Regarding short-term changes, epileptiform activity of LGS and IGE shows circadian variation. In LGS, seizures and IEDs occur most frequently during non-rapid eye movement (NREM) sleep and are comparatively less frequent during wakefulness and rapid eye movement (REM) sleep.^173,174^ A similar pattern is seen in IGE.^175^ Sleep is not typically factored into stimulation programming for generalized epilepsy, despite evidence that DBS can alter sleep architecture, including by changing the timing and duration of REM and NREM sleep stages in subthalamic DBS for Parkinson’s disease,^176^ or by increasing the number of nighttime arousals in anterior thalamic DBS for focal epilepsy.^177^ Hence, stimulation programming for LGS and IGE may benefit from considering impacts on sleep cycles, given their close association with seizure susceptibility.
Seizure occurrence also varies over multi-day cycles (e.g., weekly-monthly),^178^ with the exact timing seemingly patient-specific and associated with endogenous cycles in heart rate^179^, body temperature,^180^ electrodermal activity,^180^ and other physiological systems. There is also evidence that seizure occurrence may even be influenced by environmental factors including elevated carbon monoxide concentrations due to ambient air pollution.^181^ These multi-day cycles have mostly been investigated in the context of focal epilepsy, and it will be important to confirm whether similar patterns are also observed in LGS and IGE. However, they raise the potential of dynamically adjusting stimulation using information from long-term physiological or environmental recording devices, which are already being used to, for example, forecast risk states associated with sudden unexpected death in epilepsy via subcutaneous cardiac monitors.^182^
In the longer term, LGS and IGE show significant evolution over the course of a patient’s life. At onset of LGS (peak age 3–5 years), not all electroclinical features may be present in combination,^85^ and some seizure types can wax and wane over time. For example, tonic and atypical absence seizures tend to persist into adulthood whereas atonic seizures can sometimes diminish.^100^ Additionally, the nature of caregiver burden in LGS can change over time, with cognitive, behavioral, and physical impairments (e.g., sleep disturbances) often becoming equally or even more challenging to manage than seizures as patients become older.^183,184^ Whether neurostimulation therapies can play a role in managing these non-seizure consequences remains largely unstudied in epilepsy.^185^
A similar evolution occurs in IGE, where there is often an age-related shift from one sub-syndrome to another (e.g., from childhood absence epilepsy to juvenile myoclonic epilepsy; Table-1). Given emerging evidence of variability in the brain network substrates of different IGE sub-syndromes,^28,50,54,112^ stimulation programming may need to be adjusted to respond to the evolving nature of IGE.
We are early in the journey towards optimizing neurostimulation therapy for generalized epilepsy.

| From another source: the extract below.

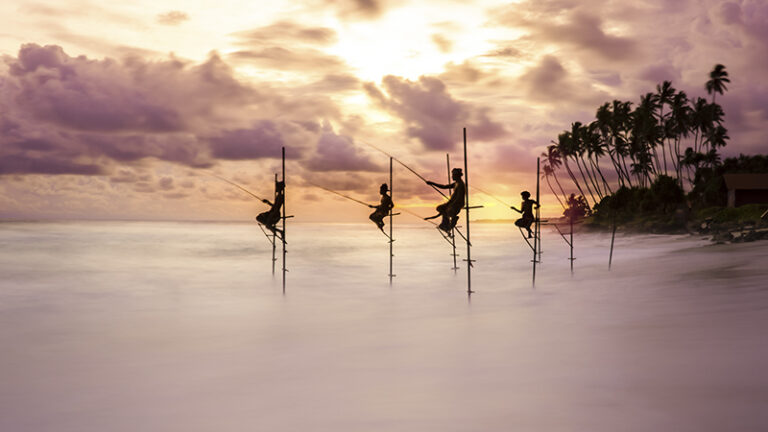 Traditional stilt fishermen try their luck with the changing tide at sunset in Koggala, Sri Lanka. It showcases the water movement in contrast to the stillness of the fishermen. Traditional, artisanal fishing methods like these, used for subsistence do not pose significant threats to the ocean’s natural resources. On the contrary, these make local communities stakeholders to the ocean’s health.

There is accumulating evidence of efficacy for select targets and paradigms, including DBS of the thalamic centromedian nucleus. However, generalized epilepsy is not a uniform disease, suggesting that the optimal forms of neurostimulation may lie beyond the prevailing “one-target-fits-all” approach.
LGS and IGE differ with respect to their EEG signatures, predominant seizure type(s), cognitive comorbidities, etiological profiles, and prognosis. Recent neuroimaging studies demonstrate that these differences may be underpinned by syndrome-specific patterns of brain network pathology. Hence, therapeutic efficacy of neurostimulation may be enhanced by applying knowledge of the underlying brain networks and how they evolve over short and long timescales.